Early aesthetic theory regarded art as an extention of our sensual preferences understood through universal concepts like beauty or sublimity. Reason from this standpoint played a central role in the interpretation of art and what was fit to call an aesthetic experience. Emmanual Kant's turn on this practacl interpretation of aesthetics appeared in "Critque of Pure Judgement" and has been regarded as one of his most influential contributions. Kant's interest in the divisions of the mind brought him to question what were the conditions needed for judgment to take place. Using the aesthetic experience as an example, he attempted to find a source of judgment that was common to all rational beings. He argued that aesthetic judgment did not rely on the use of reason, it came out of a deficiency within the faculty of reason that overwhelmed its ability to function. It is in this respect that an interest with merely describing beauty and sublimity as understood sensually were replaced by a concern for the rational subject as a unique potential of will.
Criticism from 20th century movements like Surrealism and Dadaism posed the question of whether the merit of art as a category served other purposes than signalling any clear distinction about what art represented. Instead of regarding the interpretation of art externally as object or concept, there was suddenly a greater emphasis on the content of art as its meaning. Are our everyday experiences in the world significantly different from art, and if not what then does art represent? This question occupies many of the observations about art presented in Martin Heidegger Origins of the Work of Art. Heidegger attempts to establish an understanding of art that is not based on its reference to its substance or conceptual agreement but rather a view of artwork that "opens up in its own way the Being of beings" (p.165). Art, for Heidegger, granted access to this realm of being-in-the-world that was not reducible to any being but offered a description of a truely common condition. Alternatively, other 20th century thinkers turned away from a phenomenological description to render a practacle concern for art, its content and distritbution, along dialectical or historical materialist terms.
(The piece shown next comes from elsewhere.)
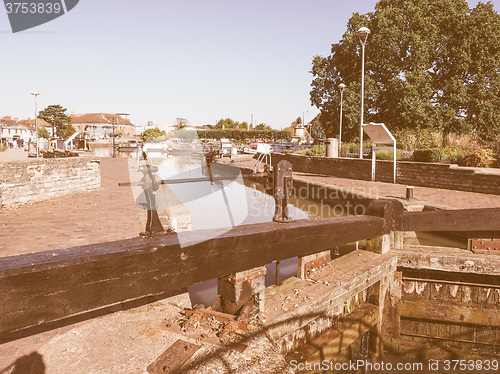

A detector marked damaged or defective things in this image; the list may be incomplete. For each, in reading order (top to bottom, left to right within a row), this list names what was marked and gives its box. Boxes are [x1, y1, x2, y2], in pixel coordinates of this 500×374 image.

rusty metal bracket [274, 160, 292, 222]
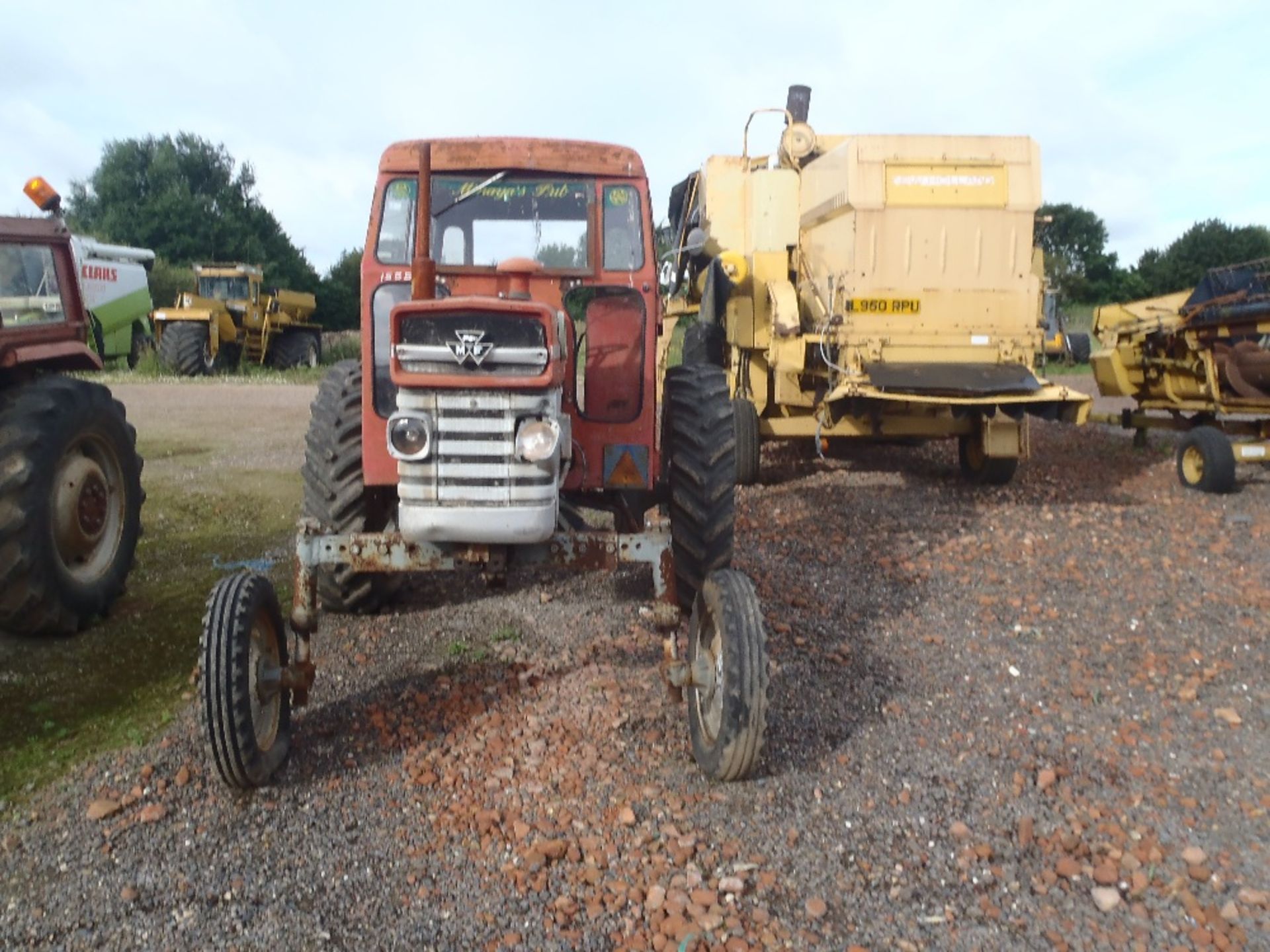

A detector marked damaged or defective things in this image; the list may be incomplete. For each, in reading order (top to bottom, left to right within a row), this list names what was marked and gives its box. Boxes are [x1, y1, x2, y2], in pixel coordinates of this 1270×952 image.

rusty cab [204, 136, 767, 788]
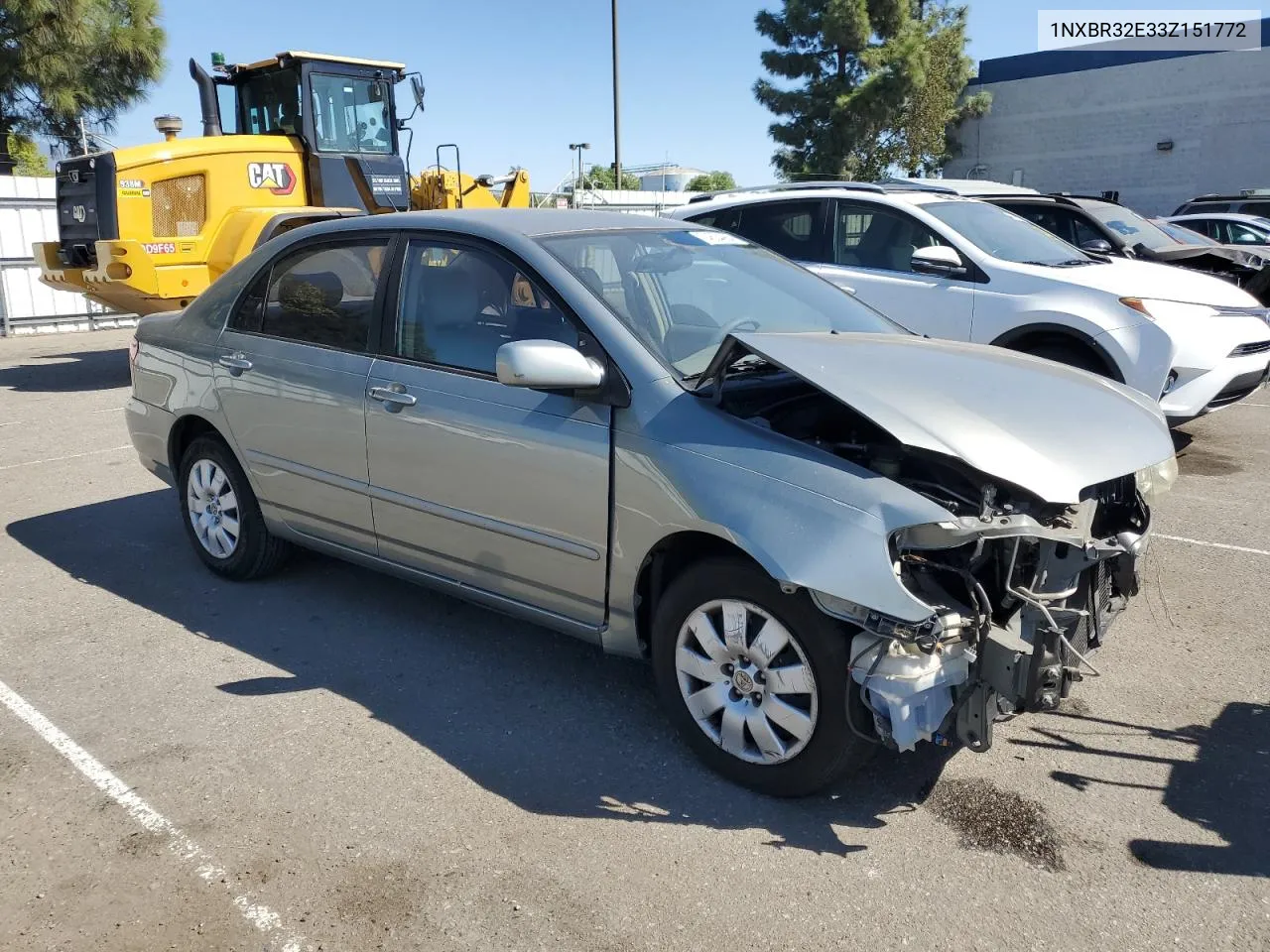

Both Albert Marcuso and Walter Benjamin represent this view of a transcendental subject that is not based in reason but conditioned by the tension within a given historical context. Through an experience of aura or sublimation, the voice of the individual subject emerges but only by virtue of its repression.
While the phenomenology and critical theory may differ in their point of reference, both attempt to regard art in a way that counters the assumptions of an autonomous subject. Although there has been some contention concerning the end of art in itself, art nonetheless represents a unique possibility where a true respect for being can be formed.